[R] Using grep

Wed Oct 8 18:43:06 CEST 2008

On 08-Oct-08 15:19:02, mentor_ wrote:
> Hi,
> I have a vector A with (200, 201, 202, 203, 204, ... 210) and
> a vector B with (201, 204, 209).
> Now I would like to get the position in vector A matches with
> the entries in vector B
> So what I want to have is the following result:
> [1] 2 5 10

First of all:

  A <- (200:210)
  B<-c(201, 204, 209)
  A
# [1] 200 201 202 203 204 205 206 207 208 209 210
  B
# [1] 201 204 209
  which(A %in% B)
# [1]  2  5 10

as desired.

> I tried the following:
> grep(B, A)
> 
> grep(c(B), A)
> 
> A <- as.character(A)
> B <- as.character(B)
> 
> grep(B, A)
> grep(c(B), A)
> 
> and several other combinations. But nothing is giving me the right
> result?!
> Does anyone know why?

In grep(pattern,x,...):
pattern: character string containing a regular expression
         (or character string for 'fixed = TRUE') to be matched
         in the given character vector. Coerced by 'as.character'
         to a character string if possible.

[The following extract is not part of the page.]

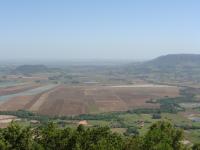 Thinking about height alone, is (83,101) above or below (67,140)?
below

 x, text: a character vector where matches are sought, or an
          object which can be coerced by 'as.character' to a
          character vector.

you can clearly have 'x' as a vector of character strings, so
your as.character(A) is valid for 'x'.

But as.character(B) is neither a regular expression nor a
character string -- it is a vector of character strings.
So it is not valid for 'pattern'.
What seems to happen here is that grep() takes the first
element ("201") of as.character(B), and uses this as the
regular expression (or character string):

  grep("A",c("ABC","BCD","CDE","EAB"))
# [1] 1 4
# (as expected)

  grep(c("A","B"),c("ABC","BCD","CDE","EAB"))
# [1] 1 4
# (the same as the previous; "B" in c("A","B") is ignored)

Ted.

--------------------------------------------------------------------
E-Mail: (Ted Harding) <Ted.Harding at manchester.ac.uk>
Fax-to-email: +44 (0)870 094 0861
Date: 08-Oct-08                                       Time: 17:43:03
------------------------------ XFMail ------------------------------